Urgent change is needed to stop the institutional culture of parent-carer blaming

and Dr Ana Laura Aiello

Disabled children and their families are one of the world’s most severely disadvantaged groups and the UK is no exception.  

Why should this be – when in theory UK law provides such families with good quality rights to support services and when these rights are backed up by powerful international human rights provisions?  And why, when a parent of a disabled child approaches an English social services authority for support is the experience so often so negative?  
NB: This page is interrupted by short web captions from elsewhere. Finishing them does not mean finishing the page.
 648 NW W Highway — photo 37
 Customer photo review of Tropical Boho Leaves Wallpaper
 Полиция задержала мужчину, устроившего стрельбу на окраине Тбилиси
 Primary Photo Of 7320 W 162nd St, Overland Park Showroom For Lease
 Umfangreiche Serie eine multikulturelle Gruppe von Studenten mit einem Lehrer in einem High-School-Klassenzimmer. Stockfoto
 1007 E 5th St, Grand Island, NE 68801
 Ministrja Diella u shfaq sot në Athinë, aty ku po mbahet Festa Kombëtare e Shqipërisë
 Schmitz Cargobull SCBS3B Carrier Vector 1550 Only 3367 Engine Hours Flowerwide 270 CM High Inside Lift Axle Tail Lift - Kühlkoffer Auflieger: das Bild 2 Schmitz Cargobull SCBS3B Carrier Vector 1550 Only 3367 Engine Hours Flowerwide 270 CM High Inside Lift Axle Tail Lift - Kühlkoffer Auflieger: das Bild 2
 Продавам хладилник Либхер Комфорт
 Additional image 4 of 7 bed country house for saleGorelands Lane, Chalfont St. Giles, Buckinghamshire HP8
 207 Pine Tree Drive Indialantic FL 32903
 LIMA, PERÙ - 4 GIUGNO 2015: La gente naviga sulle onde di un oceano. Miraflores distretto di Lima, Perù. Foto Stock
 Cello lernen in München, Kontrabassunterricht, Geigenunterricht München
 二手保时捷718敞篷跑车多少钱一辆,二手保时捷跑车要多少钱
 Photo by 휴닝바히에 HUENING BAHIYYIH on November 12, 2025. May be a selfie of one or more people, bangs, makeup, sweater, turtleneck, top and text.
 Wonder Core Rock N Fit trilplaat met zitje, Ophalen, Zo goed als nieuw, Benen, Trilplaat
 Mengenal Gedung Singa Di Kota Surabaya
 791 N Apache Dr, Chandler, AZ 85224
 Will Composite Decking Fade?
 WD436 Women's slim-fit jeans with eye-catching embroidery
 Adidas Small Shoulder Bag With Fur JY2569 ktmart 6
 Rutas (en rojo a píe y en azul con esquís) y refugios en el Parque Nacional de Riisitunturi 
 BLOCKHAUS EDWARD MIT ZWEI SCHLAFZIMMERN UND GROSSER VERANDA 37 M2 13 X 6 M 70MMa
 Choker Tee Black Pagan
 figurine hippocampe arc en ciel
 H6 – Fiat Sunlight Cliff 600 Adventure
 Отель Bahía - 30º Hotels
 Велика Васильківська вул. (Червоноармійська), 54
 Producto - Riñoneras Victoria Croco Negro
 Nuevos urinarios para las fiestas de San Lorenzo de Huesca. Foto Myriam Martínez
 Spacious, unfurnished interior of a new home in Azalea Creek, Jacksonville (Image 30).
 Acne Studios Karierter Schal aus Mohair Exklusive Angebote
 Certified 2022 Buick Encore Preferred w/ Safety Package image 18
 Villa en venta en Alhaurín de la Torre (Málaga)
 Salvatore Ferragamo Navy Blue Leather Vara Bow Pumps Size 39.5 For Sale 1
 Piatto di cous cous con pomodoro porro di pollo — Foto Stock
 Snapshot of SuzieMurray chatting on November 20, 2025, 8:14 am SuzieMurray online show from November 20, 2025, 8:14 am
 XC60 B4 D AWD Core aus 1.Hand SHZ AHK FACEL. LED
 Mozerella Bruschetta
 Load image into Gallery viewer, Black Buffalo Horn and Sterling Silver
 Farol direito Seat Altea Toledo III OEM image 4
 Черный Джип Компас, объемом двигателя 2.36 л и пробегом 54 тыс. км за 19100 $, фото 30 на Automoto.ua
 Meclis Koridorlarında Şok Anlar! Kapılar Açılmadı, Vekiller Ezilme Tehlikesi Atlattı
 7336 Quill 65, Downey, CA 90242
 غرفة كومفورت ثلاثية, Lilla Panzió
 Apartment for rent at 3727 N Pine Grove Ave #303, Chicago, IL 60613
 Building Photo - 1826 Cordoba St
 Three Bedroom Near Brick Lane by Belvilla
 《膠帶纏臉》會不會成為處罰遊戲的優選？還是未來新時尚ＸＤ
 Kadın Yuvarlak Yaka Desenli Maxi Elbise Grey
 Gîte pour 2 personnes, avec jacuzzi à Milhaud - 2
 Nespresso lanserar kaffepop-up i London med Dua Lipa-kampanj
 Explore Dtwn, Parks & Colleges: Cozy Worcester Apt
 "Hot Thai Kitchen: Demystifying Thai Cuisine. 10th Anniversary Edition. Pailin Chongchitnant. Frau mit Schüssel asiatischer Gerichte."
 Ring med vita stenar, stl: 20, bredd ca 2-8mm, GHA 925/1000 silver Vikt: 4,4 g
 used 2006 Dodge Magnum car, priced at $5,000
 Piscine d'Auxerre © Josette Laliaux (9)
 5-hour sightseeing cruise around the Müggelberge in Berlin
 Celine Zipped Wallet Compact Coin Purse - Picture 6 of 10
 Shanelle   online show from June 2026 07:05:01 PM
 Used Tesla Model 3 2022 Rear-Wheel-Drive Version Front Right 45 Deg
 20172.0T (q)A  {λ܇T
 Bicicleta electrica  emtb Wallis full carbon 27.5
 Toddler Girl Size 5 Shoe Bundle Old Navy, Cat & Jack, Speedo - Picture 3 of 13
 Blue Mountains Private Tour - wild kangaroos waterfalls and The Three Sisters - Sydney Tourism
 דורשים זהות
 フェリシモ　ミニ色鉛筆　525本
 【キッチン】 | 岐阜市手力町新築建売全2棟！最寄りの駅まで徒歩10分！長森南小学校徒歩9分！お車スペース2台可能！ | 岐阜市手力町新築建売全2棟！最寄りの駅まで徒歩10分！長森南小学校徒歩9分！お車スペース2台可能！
These are some of the questions we tried to answer in our research report Institutionalising parent carer blame. The experiences of families with disabled children in their interactions with English local authority children’s services departments’’.

Intrusive assessments

The research included a survey of parent carer-led support groups.  It found that 86% of those who responded considered the assessment process that parents and their disabled children experienced to be extremely unsatisfactory and intrusive.  

The responses mentioned, for example, the intimidating and intrusive nature of the assessment process: a process that focussed on safeguarding / child protection matters and parental ‘fitness’ rather than addressing the additional support needs that resulted from their child’s impairment.  Many referred to the fact that assessment visits could take place with little (or no) notice and that they were often placed in impossible positions, for example, feeling they had no real choice about whether the assessor inspected their child’s bedroom and interviewed their children in their absence.  Parent carers' comments referred to the process as ‘humiliating’; ‘bullying; ‘devastating’; and likened it to ‘the police turning up at your door and [saying] we’ve got a warrant to search your house’. 

Human rights abuse

What is so troubling about the research findings is that many children’s services assessors did not appear to understand that actions of this kind interfered with the fundamental human rights of families to their privacy, their right to respect for their family life and for their home.  Somehow it appears that it is now ‘normal’ for many social services authorities to require their assessors to behave in this way.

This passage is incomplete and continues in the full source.